Mi aveva colpito molto di più – qualche settimana fa - la sua vicenda personale, che lo ha fatto diventare una star dei giornali come neppure in occasione della più prestigiosa delle sue vittorie. Aveva minacciato il gesto estremo durante una notte di pensieri oscuri ed era stato salvato da quello che, sbrigativamente, è stato definito il popolo del web ma che, in realtà, porta il nome, cognome e il (bel) viso di Alessandra De Stefano, grande cronista Rai.

Se ci spendiamo qualche parola, nella nostra infinita ignoranza, è perché domenica scorsa ha partecipato ad una esibizione ciclistica per amatori a Veduggio con Colzano, vicino a casa nostra. In attesa che qualche gazzetta da quattro soldi gli punti l’indice addosso (ricordate il grande Marco, da pirata della meraviglie a ultimo dei reietti?), mi piace assai più riportare il pensiero di un amico, che lo ha visto scendere dalla macchina accompagnato da un amico.
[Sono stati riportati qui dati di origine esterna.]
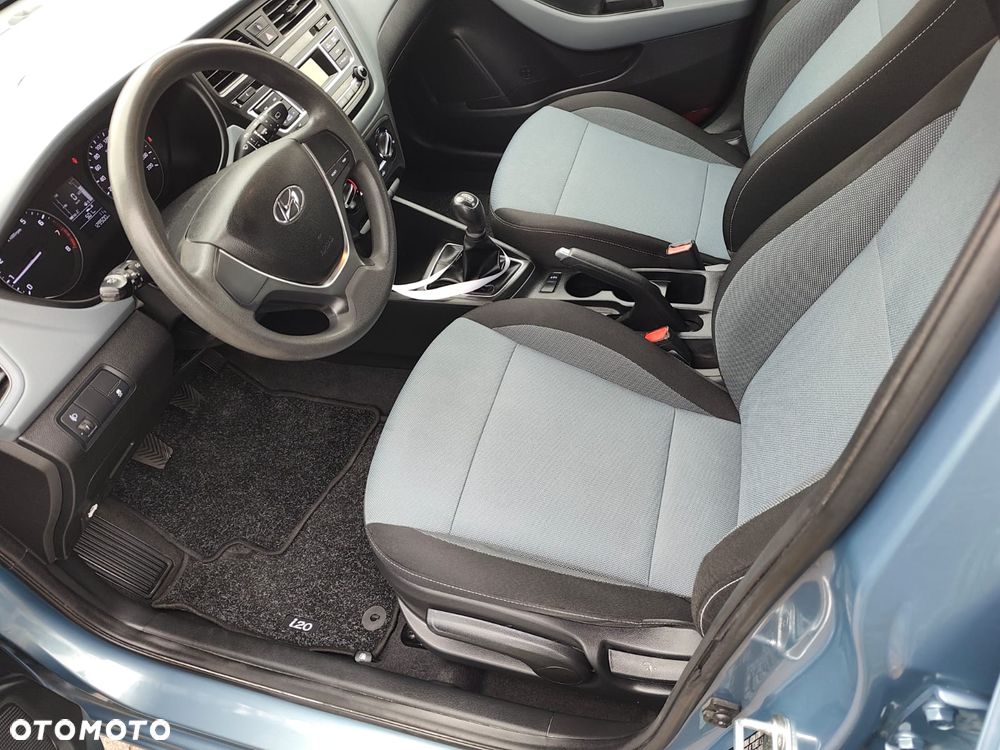Hyundai i20 - 9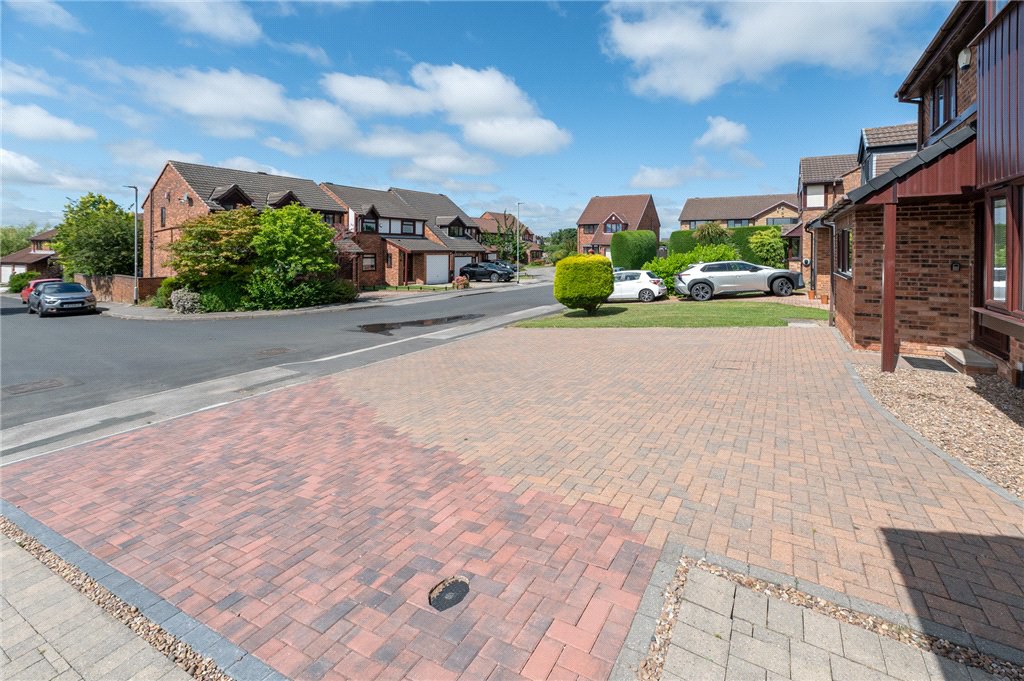 Paddock Drive, Drighlington, Bradford, West Yorkshire, BD11, photo 41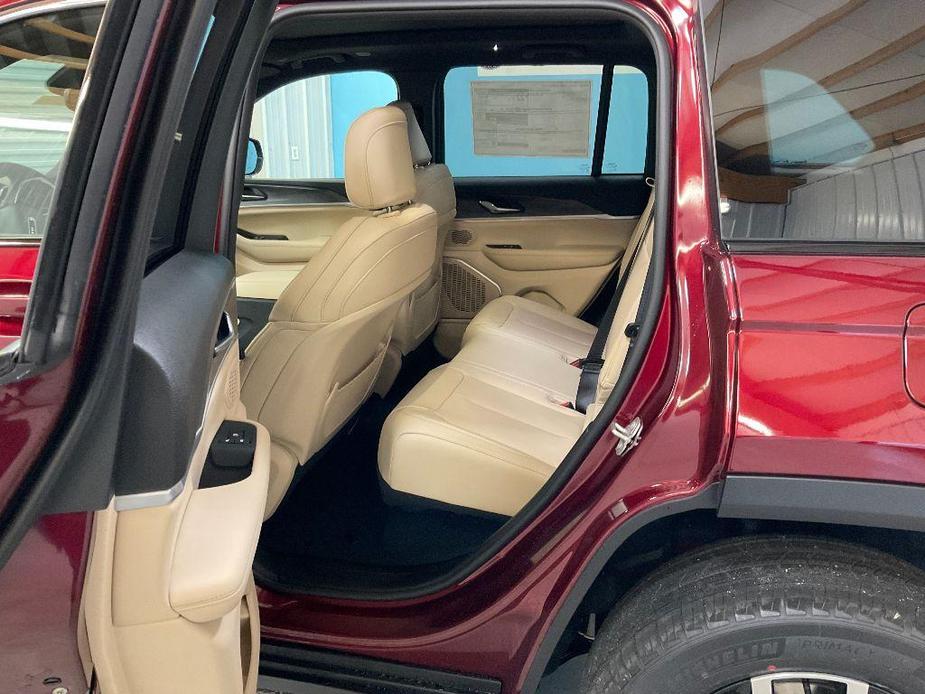 new 2024 Jeep Grand Cherokee car, priced at $54,101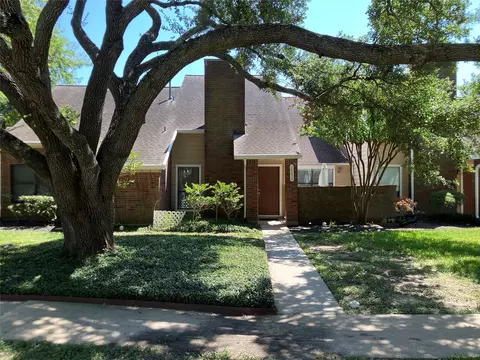 16630 Holly Trail Dr #2, Houston, TX 77058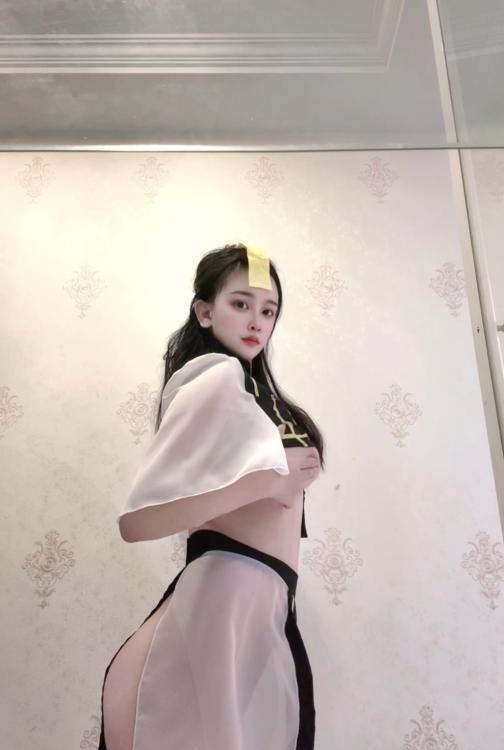 静安区翘臀依兰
Era lì perché lo aveva promesso in tempi non sospetti e, quando la schiena è dritta, la parola ha un senso. Ma se avesse potuto indossare una maschera che lo rendesse invisibile, lo avrebbe fatto senza esitazione. Gli sguardi inquisitori della gente, lo hanno raccontato in mille canzoni, fanno più male di tanti cazzotti sul viso che, quando è passato il livido, neppure ti ricordi di averli incassati. Per fortuna il popolo del ciclismo non è fatto di gente normale, di quella che puoi abbindolare con qualche dichiarazione ad effetto sui cattivoni che rovinano lo sport buttandosi nelle vene chissà che cosa. Gli è bastato salire in bicicletta, ha proseguito l’amico, per cambiare prospettiva. I tifosi che lo applaudivano dietro le transenne, bambini e adulti che gli chiedevano di posare con lui per una foto ricordo, il vecchietto che gli dava una robusta pacca sulle spalle. E il suo volto tirato ed angosciato di uomo non abituato ad essere scaricato come una lavatrice con il cestello rotto, è tornato disteso e rilassato. Forse più di quello che traspare dall’immagine di bambino su facebook.

Non scambiate queste parole per apologia del doping. Le medicine servono ai malati e tanto basti. Ma l’uomo, anche ammesso che abbia sbagliato – lo diranno i successivi verdetti – resta l’uomo, pur se in ginocchio. Andate a spulciare su internet, i commenti all’indomani della notizia di Santambrogio. Troverete quello che l’avevo-sempre-pensato-che-quello-andava-troppo-forte, il sapientone di turno che fa filosofia sul cattivo esempio per i bambini, il direttore sportivo che esulta perché gente così rovina l’immagine del ciclismo, l’organizzatore che invoca a prescindere pene esemplari ma che nulla diceva quando quelle imprese gli facevano avere onori e soldi. Insomma, la solita fauna che adora inneggiare ad un campione costruitosi dal nulla ma che, con la stessa disinvolta cattiveria, ama ancora di più passeggiare sui resti di una carriera.

Spero che Mauro abbia la forza di continuare ad andare in bicicletta, di scollinare monti e colline a trenta all’ora, di macinare chilometri di pianura sotto il sole e la pioggia correndo come una motocicletta. Per rimanere, almeno agli occhi del suo cuore, quel bambino che vent’anni fa non inseguiva soldi e gloria. Ma soltanto una passione e, al massimo, lo sguardo ammirato di papà.